Quick Answer

Django does not support WebSockets natively --- WSGI has no concept of persistent connections. Install Django Channels (pip install channels channels_redis), switch from WSGI to ASGI, write an AsyncWebsocketConsumer, and run under Uvicorn instead of Gunicorn. Use Redis as the channel layer for multi-process deployments.

Django was built for HTTP request-response. Every view takes a request, returns a response, and the connection closes. WebSockets need persistent connections that stay open for minutes or hours. That is fundamentally incompatible with WSGI.

Django Channels solves this by replacing WSGI with ASGI — the async server gateway interface. ASGI handles both HTTP and WebSocket connections, so your existing Django views keep working while WebSocket consumers run alongside them.

WSGI vs ASGI: why you cannot skip this

WSGI (what Gunicorn speaks) processes one request per thread. When the response is sent, the connection is done. There is no mechanism to keep a connection open or push data to the client later.

ASGI is the async equivalent. It supports three protocol types: HTTP, WebSocket, and background tasks. Django Channels uses ASGI to run your WebSocket consumers as long-lived coroutines alongside normal HTTP views.

The practical impact: you need to swap your server. Gunicorn cannot run ASGI applications. You need Daphne or Uvicorn.

Installation and ASGI setup

pip install channels channels_redis

Add Channels to your Django project. The ASGI_APPLICATION setting points to your routing configuration:

settings.py

INSTALLED_APPS = [
    "daphne",  # must be before django.contrib.staticfiles
    "channels",
    # ... your other apps
]

ASGI_APPLICATION = "myproject.asgi.application"

CHANNEL_LAYERS = {
    "default": {
        "BACKEND": "channels_redis.core.RedisChannelLayer",
        "CONFIG": {
            "hosts": [("127.0.0.1", 6379)],
        },
    },
}

Routing: connecting URLs to consumers

Django Channels uses a routing stack that mirrors Django’s URL configuration.

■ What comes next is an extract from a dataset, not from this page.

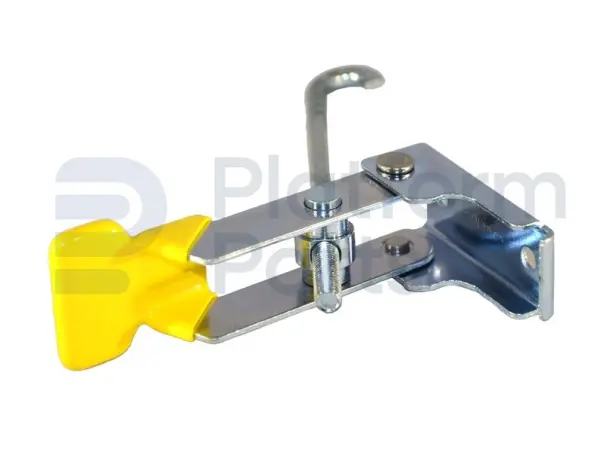 Latch draw adjustable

ProtocolTypeRouter splits traffic by protocol, and URLRouter maps WebSocket paths to consumers.

myproject/asgi.py

import os
from channels.routing import ProtocolTypeRouter, URLRouter
from channels.auth import AuthMiddlewareStack
from django.core.asgi import get_asgi_application
from chat.routing import websocket_urlpatterns

os.environ.setdefault(
    "DJANGO_SETTINGS_MODULE", "myproject.settings"
)

application = ProtocolTypeRouter({
    "http": get_asgi_application(),
    "websocket": AuthMiddlewareStack(
        URLRouter(websocket_urlpatterns)
    ),
})

chat/routing.py

from django.urls import re_path
from . import consumers

websocket_urlpatterns = [
    re_path(
        r"ws/chat/(?P<room>\w+)/$",
        consumers.ChatConsumer.as_asgi(),
    ),
]

A common mistake: putting WebSocket routes inside Django’s regular urls.py. That does not work. WebSocket routes go in the ASGI routing configuration, not the WSGI URL conf.

Writing a consumer

AsyncWebsocketConsumer is the right base class. The sync WebsocketConsumer exists but blocks the event loop — avoid it unless every operation in your consumer is CPU-bound and fast.

chat/consumers.py

import json
from channels.generic.websocket import (
    AsyncWebsocketConsumer,
)

class ChatConsumer(AsyncWebsocketConsumer):
    async def connect(self):
        self.room = self.scope["url_route"]["kwargs"]["room"]
        self.group_name = f"chat_{self.room}"
        await self.channel_layer.group_add(
            self.group_name, self.channel_name
        )
        await self.accept()

    async def disconnect(self, close_code):
        await self.channel_layer.group_discard(
            self.group_name, self.channel_name
        )

Messages arrive in receive and broadcast via the channel layer:

    async def receive(self, text_data):
        data = json.loads(text_data)
        await self.channel_layer.group_send(
            self.group_name,
            {"type": "chat.message",
             "message": data["message"],
             "user": self.scope["user"].username},
        )

    async def chat_message(self, event):
        await self.send(text_data=json.dumps({
            "message": event["message"],
            "user": event["user"],
        }))

The scope dictionary is the WebSocket equivalent of Django’s request object. It contains the user (if AuthMiddlewareStack is in the routing), the URL route kwargs, headers, and cookies.

Channel layers and groups

The channel layer is how consumers talk to each other across processes and servers. Without it, a message sent in one Uvicorn worker never reaches consumers on another worker.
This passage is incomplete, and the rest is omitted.